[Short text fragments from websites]

__________

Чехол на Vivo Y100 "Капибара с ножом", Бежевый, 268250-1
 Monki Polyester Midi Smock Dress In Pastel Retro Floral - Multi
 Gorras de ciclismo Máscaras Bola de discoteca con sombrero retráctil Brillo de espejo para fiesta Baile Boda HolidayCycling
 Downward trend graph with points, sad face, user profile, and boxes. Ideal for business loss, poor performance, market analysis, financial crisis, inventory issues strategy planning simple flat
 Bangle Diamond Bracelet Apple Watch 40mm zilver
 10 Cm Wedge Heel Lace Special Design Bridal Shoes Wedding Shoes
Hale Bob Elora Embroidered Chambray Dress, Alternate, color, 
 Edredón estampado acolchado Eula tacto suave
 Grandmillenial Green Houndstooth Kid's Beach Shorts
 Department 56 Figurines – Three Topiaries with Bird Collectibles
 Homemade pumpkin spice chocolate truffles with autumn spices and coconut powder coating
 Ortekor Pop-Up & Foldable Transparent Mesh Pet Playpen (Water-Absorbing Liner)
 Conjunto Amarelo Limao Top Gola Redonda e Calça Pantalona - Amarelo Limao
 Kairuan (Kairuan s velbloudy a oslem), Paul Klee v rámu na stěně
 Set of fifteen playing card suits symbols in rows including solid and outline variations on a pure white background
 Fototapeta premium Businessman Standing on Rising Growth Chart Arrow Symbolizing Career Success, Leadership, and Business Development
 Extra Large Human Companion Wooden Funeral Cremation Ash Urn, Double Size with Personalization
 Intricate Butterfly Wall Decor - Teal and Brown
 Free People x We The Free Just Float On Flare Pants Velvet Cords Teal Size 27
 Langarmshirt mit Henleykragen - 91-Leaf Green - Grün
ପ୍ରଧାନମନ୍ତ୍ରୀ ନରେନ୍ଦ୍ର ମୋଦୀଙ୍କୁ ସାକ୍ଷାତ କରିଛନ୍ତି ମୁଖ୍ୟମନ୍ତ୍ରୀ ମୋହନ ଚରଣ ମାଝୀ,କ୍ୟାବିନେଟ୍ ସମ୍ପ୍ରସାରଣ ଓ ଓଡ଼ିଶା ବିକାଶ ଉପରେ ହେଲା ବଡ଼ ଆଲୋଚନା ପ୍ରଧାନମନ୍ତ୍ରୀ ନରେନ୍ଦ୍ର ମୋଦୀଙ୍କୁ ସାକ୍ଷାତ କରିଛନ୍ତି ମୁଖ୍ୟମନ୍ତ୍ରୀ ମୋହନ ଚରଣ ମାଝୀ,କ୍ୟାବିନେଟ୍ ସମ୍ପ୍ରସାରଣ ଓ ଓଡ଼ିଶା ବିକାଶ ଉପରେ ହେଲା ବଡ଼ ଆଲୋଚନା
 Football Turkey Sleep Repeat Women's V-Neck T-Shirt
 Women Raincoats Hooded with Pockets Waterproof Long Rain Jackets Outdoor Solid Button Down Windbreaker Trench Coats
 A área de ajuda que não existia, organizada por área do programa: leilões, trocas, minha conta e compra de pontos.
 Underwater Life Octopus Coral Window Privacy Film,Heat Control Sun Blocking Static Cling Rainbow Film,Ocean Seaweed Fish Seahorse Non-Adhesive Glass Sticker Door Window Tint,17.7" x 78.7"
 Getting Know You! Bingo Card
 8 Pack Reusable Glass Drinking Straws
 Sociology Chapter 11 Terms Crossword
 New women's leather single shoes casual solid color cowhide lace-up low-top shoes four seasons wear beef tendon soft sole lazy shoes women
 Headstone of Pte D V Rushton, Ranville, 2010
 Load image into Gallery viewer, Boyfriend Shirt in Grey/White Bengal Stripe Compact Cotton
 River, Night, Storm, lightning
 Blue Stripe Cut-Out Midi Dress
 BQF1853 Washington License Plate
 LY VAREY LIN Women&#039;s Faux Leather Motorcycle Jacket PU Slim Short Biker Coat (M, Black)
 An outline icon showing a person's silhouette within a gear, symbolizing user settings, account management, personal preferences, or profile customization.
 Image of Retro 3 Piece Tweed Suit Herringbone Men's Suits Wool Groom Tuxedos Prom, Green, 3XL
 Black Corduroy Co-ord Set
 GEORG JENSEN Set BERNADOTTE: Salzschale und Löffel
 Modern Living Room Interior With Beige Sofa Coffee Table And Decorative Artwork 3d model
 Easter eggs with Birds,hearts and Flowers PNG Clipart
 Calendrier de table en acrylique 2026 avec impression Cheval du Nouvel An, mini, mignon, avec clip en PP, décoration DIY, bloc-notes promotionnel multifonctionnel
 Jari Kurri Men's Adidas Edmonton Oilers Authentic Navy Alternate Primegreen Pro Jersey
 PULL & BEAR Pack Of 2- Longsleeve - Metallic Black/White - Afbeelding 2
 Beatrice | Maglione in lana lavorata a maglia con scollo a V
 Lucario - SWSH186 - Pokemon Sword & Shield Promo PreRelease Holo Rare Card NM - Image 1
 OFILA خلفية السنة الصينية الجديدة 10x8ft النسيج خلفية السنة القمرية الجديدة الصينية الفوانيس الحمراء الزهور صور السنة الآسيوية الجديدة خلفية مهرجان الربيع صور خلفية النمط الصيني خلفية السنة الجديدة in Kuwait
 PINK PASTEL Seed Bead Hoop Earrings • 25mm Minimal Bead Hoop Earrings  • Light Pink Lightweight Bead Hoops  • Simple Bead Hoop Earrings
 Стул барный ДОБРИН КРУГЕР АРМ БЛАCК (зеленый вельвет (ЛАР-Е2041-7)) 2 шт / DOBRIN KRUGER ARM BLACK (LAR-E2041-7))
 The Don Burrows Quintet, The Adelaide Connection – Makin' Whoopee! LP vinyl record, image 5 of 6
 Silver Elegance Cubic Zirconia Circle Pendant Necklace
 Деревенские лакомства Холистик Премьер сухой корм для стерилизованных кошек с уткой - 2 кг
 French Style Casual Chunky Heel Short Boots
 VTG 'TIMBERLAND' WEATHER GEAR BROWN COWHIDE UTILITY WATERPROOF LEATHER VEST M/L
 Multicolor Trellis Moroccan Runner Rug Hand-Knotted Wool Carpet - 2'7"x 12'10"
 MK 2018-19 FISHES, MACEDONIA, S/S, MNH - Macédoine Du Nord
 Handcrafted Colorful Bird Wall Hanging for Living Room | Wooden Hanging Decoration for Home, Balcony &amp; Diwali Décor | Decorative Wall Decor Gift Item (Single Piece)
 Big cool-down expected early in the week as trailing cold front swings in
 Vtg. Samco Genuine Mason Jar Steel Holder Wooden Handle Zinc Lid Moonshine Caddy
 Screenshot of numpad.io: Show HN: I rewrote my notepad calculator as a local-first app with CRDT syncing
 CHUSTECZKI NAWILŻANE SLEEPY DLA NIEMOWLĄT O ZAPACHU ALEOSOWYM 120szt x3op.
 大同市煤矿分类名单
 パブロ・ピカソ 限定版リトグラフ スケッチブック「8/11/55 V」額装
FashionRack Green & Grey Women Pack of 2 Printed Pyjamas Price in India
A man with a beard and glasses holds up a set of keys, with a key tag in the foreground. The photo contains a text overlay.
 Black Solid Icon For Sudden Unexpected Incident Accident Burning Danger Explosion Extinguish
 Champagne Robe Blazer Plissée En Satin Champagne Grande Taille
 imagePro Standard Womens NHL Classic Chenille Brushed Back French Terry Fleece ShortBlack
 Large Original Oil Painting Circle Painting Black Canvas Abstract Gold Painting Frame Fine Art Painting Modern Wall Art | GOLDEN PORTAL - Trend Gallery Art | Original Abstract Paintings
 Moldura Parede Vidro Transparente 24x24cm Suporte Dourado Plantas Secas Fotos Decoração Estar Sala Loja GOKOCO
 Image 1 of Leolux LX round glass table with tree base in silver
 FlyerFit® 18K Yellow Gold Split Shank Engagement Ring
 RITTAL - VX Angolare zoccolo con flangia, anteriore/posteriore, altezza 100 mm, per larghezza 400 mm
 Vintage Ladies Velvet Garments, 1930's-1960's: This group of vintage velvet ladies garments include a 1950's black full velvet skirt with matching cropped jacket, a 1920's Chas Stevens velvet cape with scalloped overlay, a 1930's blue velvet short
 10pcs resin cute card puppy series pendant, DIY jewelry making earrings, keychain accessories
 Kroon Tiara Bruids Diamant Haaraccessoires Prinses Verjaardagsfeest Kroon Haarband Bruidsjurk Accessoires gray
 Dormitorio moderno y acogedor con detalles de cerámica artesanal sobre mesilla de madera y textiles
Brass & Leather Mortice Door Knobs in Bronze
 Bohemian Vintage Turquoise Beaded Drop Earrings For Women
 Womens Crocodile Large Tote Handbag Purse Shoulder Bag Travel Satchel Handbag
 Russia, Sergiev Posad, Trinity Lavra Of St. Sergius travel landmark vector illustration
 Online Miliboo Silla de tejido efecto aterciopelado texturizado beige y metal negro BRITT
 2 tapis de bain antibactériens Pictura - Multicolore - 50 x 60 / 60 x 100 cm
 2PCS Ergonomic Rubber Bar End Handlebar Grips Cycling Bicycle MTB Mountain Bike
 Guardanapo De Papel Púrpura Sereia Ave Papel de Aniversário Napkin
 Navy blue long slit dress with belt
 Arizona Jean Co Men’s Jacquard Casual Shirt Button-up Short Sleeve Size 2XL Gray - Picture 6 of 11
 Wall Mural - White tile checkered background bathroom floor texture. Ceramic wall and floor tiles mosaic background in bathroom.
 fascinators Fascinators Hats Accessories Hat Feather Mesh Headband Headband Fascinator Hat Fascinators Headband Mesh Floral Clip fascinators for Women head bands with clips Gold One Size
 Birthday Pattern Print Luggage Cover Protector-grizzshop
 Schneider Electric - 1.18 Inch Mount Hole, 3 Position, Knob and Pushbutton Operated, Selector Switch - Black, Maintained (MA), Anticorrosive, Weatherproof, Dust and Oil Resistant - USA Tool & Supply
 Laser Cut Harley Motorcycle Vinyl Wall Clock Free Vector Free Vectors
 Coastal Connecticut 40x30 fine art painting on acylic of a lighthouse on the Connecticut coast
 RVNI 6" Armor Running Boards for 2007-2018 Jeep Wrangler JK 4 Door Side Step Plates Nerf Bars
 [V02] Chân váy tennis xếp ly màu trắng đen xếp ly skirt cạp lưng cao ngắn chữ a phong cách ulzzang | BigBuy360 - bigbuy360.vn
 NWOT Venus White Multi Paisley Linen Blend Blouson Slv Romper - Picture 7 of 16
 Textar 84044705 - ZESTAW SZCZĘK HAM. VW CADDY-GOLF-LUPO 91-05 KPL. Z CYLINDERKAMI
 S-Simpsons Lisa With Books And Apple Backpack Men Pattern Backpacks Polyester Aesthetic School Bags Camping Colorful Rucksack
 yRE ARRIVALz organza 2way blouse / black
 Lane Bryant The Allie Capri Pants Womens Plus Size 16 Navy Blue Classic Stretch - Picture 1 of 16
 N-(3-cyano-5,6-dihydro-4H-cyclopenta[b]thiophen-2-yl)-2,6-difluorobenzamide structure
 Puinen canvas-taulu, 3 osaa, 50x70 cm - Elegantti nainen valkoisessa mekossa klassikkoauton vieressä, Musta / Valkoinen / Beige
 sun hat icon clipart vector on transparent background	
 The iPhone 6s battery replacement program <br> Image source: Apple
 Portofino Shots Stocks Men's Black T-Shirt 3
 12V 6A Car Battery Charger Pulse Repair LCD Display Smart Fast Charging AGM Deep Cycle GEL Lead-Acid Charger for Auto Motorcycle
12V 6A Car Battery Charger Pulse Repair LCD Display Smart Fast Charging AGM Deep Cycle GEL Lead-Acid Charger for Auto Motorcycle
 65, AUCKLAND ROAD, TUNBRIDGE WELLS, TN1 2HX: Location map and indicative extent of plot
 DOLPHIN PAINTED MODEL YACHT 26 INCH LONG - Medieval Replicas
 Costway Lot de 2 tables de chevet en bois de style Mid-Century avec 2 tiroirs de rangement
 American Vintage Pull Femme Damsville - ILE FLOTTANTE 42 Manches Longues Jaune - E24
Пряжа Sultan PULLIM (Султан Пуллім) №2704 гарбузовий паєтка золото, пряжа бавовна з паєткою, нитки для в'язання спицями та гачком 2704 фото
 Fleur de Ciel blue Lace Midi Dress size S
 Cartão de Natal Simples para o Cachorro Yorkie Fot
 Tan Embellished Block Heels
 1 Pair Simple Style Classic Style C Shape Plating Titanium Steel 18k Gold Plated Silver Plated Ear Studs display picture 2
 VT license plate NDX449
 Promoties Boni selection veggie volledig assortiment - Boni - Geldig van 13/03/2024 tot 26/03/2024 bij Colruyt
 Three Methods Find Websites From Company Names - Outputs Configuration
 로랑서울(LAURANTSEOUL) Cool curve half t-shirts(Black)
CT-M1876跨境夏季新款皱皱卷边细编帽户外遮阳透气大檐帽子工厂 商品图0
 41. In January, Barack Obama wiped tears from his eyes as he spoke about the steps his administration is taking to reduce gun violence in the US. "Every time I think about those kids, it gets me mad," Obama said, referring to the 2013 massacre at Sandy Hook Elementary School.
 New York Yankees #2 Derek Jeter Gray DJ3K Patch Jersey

__________

__Requirement__
Reply with nothing but a number: how many lines of the entries above contain the string "outline"?

__Response for this exercise__
2